(Image-caption web data)
☆ ☆ ☆ ☆

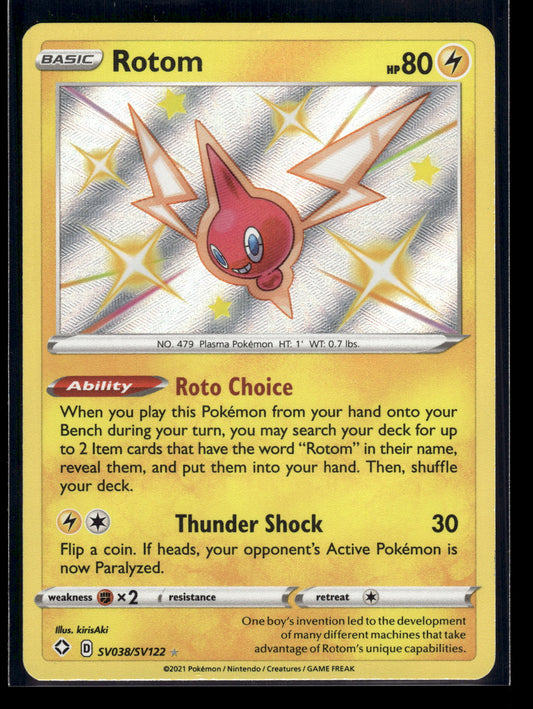Rotom #SV038/SV122 Shining Fates: Shiny Vault LP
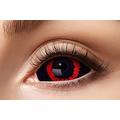 Eyecatcher 84091541-s07 - Farbige Sclera Kontaktlinsen, 1 Paar, für 6 Monate, Schwarz, Rot, Karneval, Fasching, Halloween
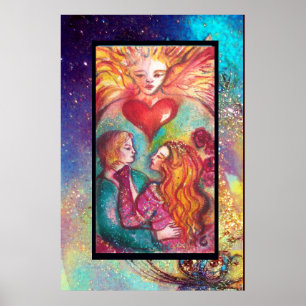 Poster TAROTS OF THE LOST SHADOWS /LOVERS Valentine's day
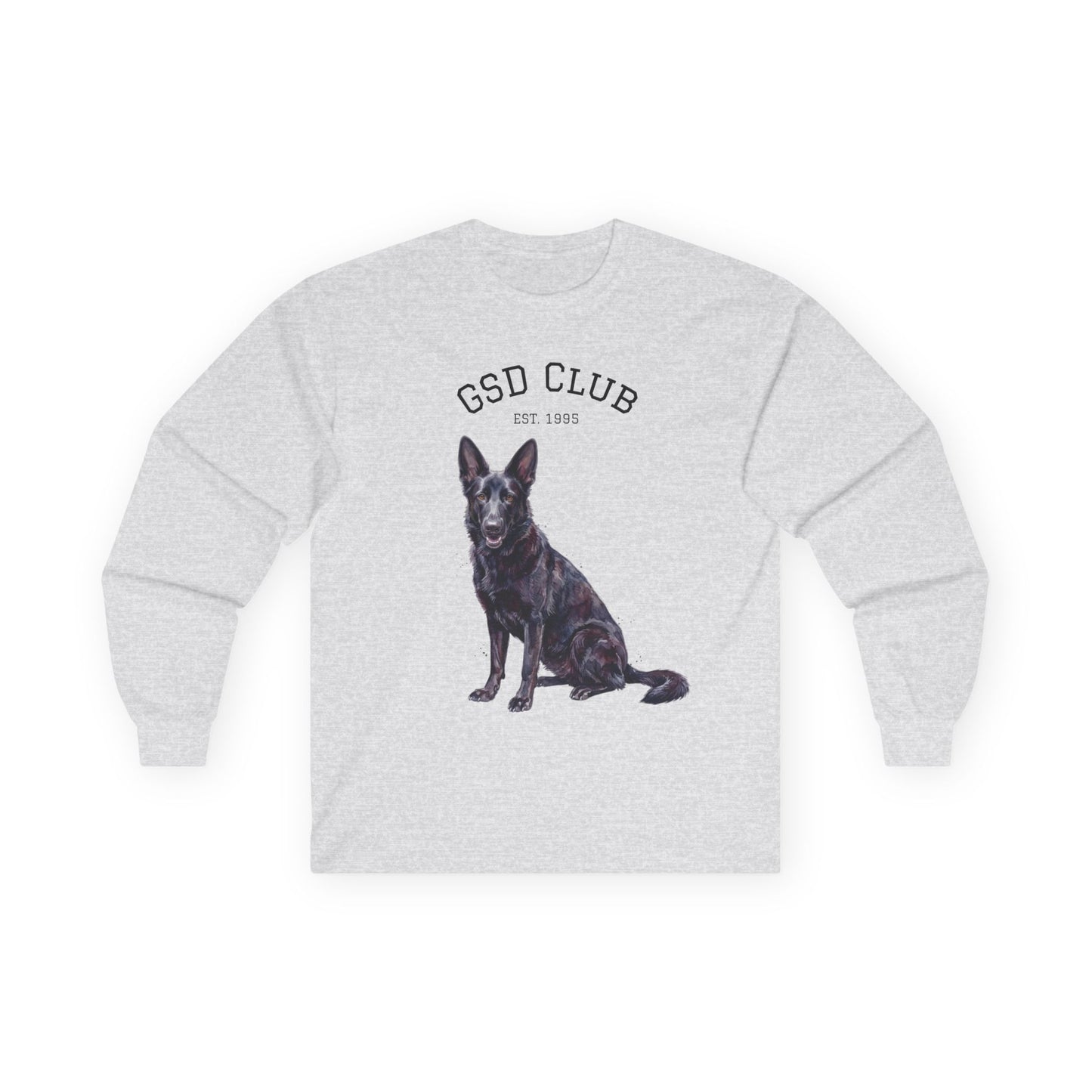 GSD Club Long Sleeve Tee — German Shepherd Graphic Shirt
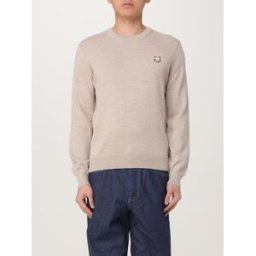 Maison Kitsuné Pullover in cotone Grigio Taglia L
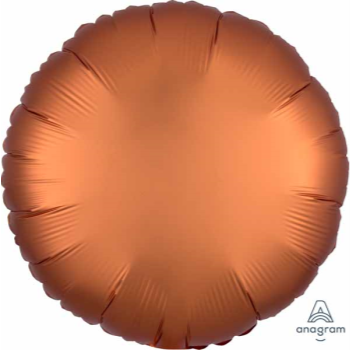 Image de 18" FOIL - LUXE SATIN AMBER ROUND ( BURNT ORANGE )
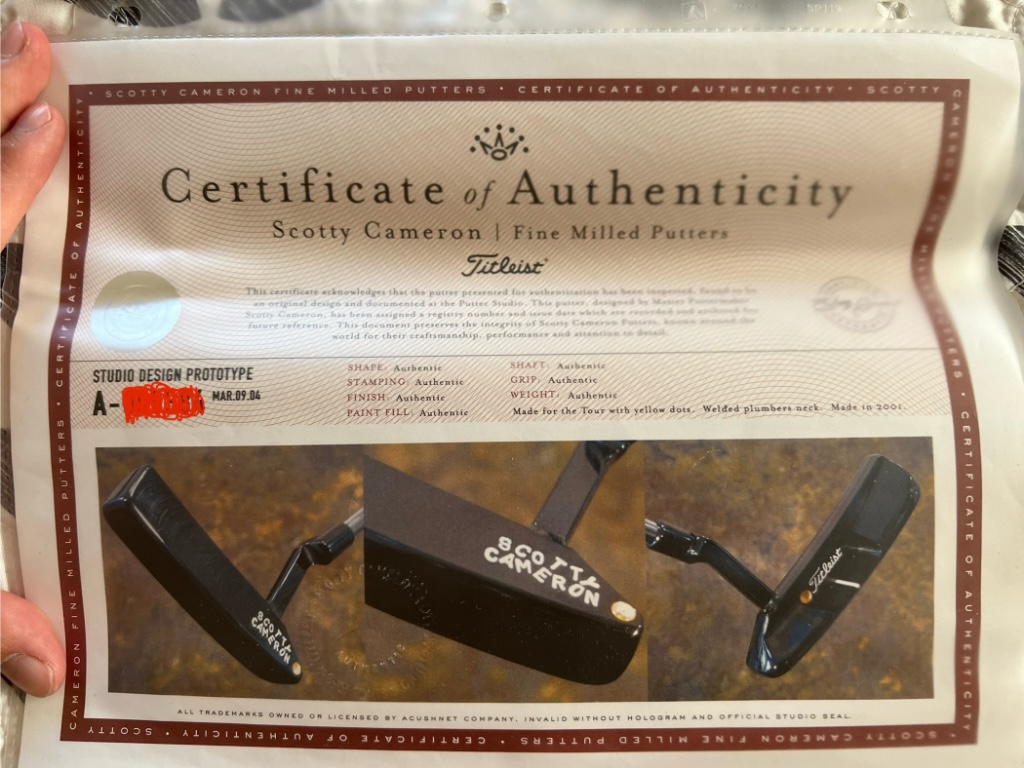 Angle View of Circle T Putter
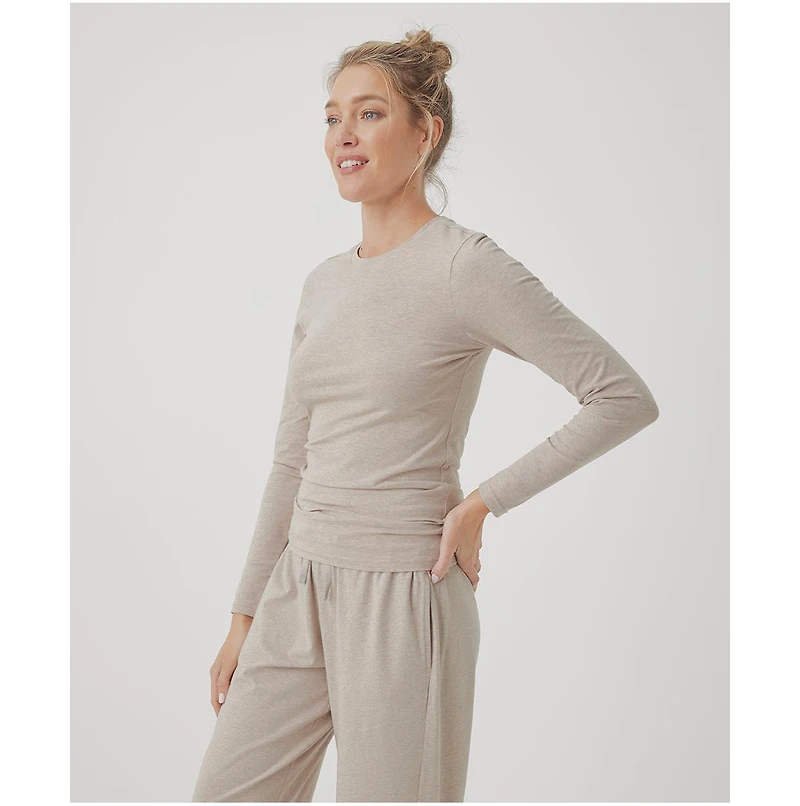 Pact Women's Organic Cotton Cool Stretch Fitted Long Sleeve Tee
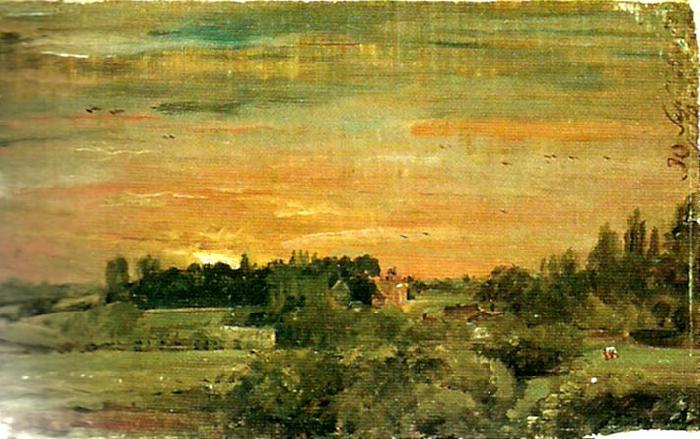 John Constable east bergholt rectory oil painting image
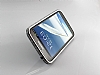 Tal Samsung N7100 Galaxy Note 2 Silver Bumper ereve Klf - Resim 1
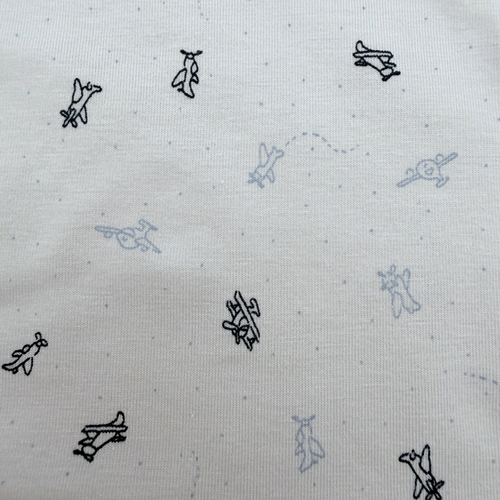 Body manches longues écru imprimé — 2 ans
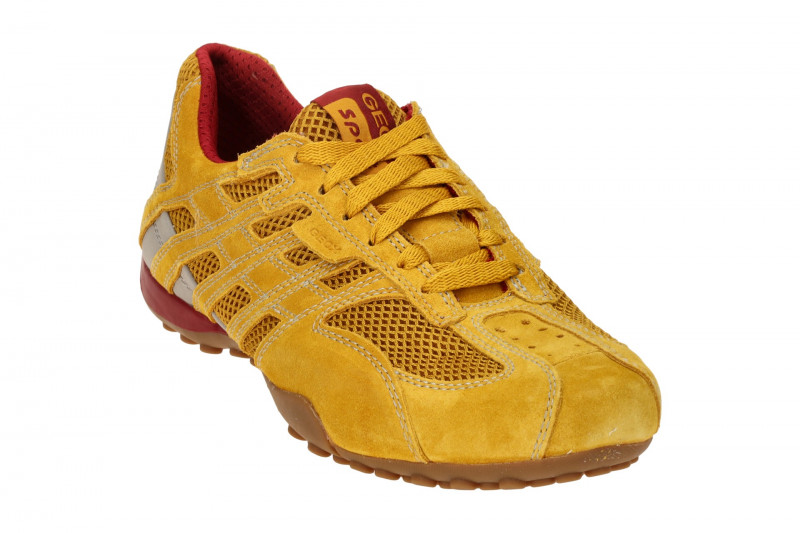 Geox Snake Schuhe gelb rot U55MNA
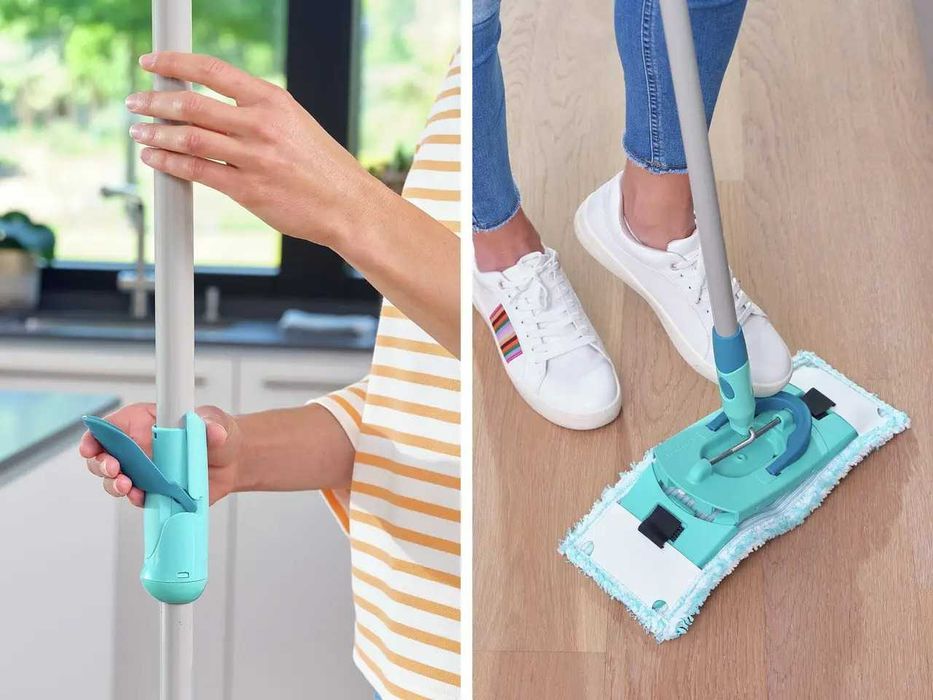 Набір для миття підлоги Leifheit CLEAN TWIST M Ergo Mobile Set 52121 з відром 6 л і візком
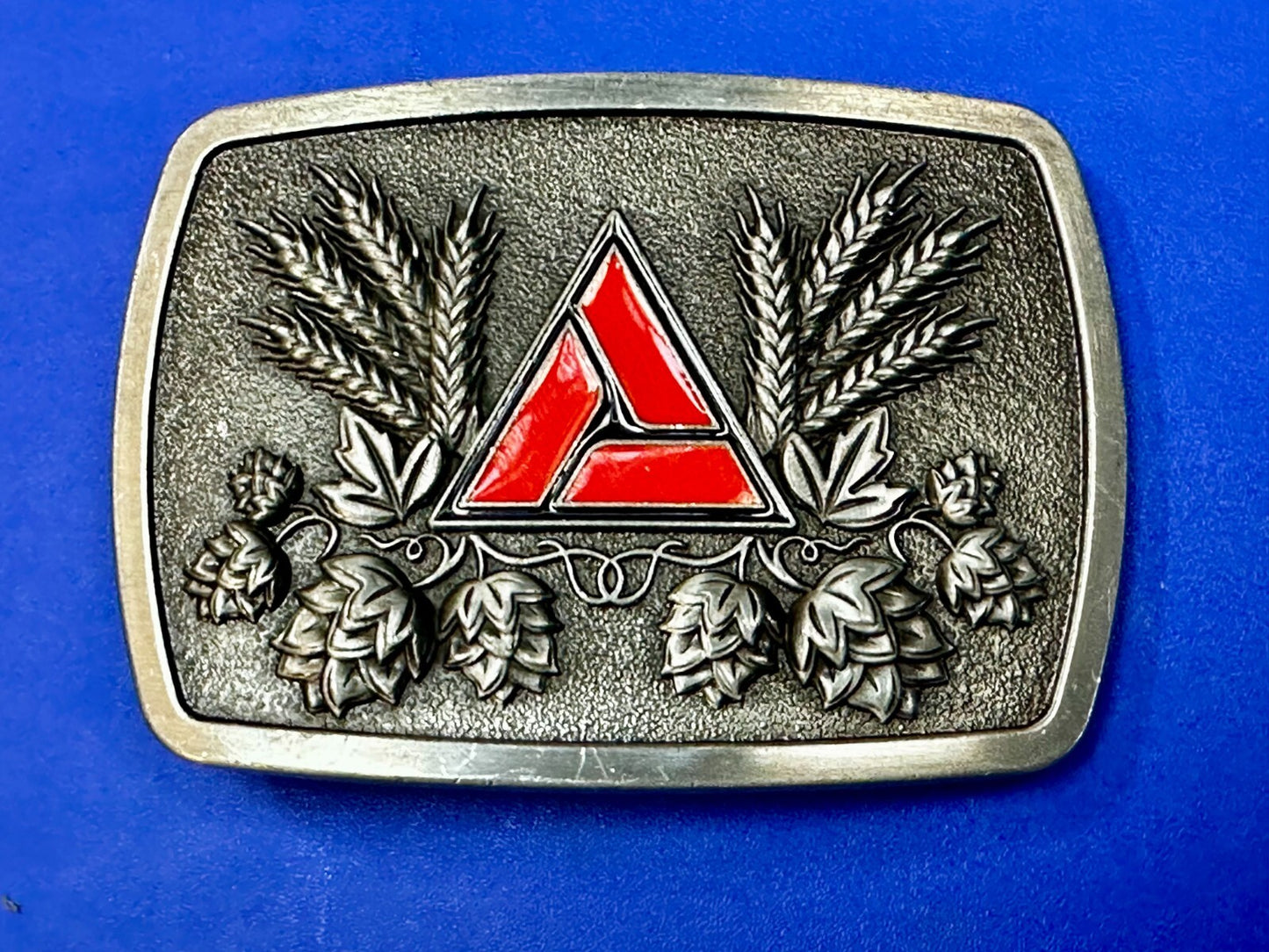A.G. Farming Company Wheat Red Logo Emblem Farmers Promo Vintage Belt Buckle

☆ ☆ ☆ ☆

ASSIGNMENT: All entries above, minus the pictures, should be repeated exactly.

PROBLEM SOLUTION:
Rotom #SV038/SV122 Shining Fates: Shiny Vault LP
 Eyecatcher 84091541-s07 - Farbige Sclera Kontaktlinsen, 1 Paar, für 6 Monate, Schwarz, Rot, Karneval, Fasching, Halloween
 Poster TAROTS OF THE LOST SHADOWS /LOVERS Valentine's day
 GSD Club Long Sleeve Tee — German Shepherd Graphic Shirt
 Maison Kitsuné Pullover in cotone Grigio Taglia L
 Image de 18" FOIL - LUXE SATIN AMBER ROUND ( BURNT ORANGE )
 Angle View of Circle T Putter
 Pact Women's Organic Cotton Cool Stretch Fitted Long Sleeve Tee
 John Constable east bergholt rectory oil painting image
 Tal Samsung N7100 Galaxy Note 2 Silver Bumper ereve Klf - Resim 1
 Body manches longues écru imprimé — 2 ans
 Geox Snake Schuhe gelb rot U55MNA
 Набір для миття підлоги Leifheit CLEAN TWIST M Ergo Mobile Set 52121 з відром 6 л і візком
A.G. Farming Company Wheat Red Logo Emblem Farmers Promo Vintage Belt Buckle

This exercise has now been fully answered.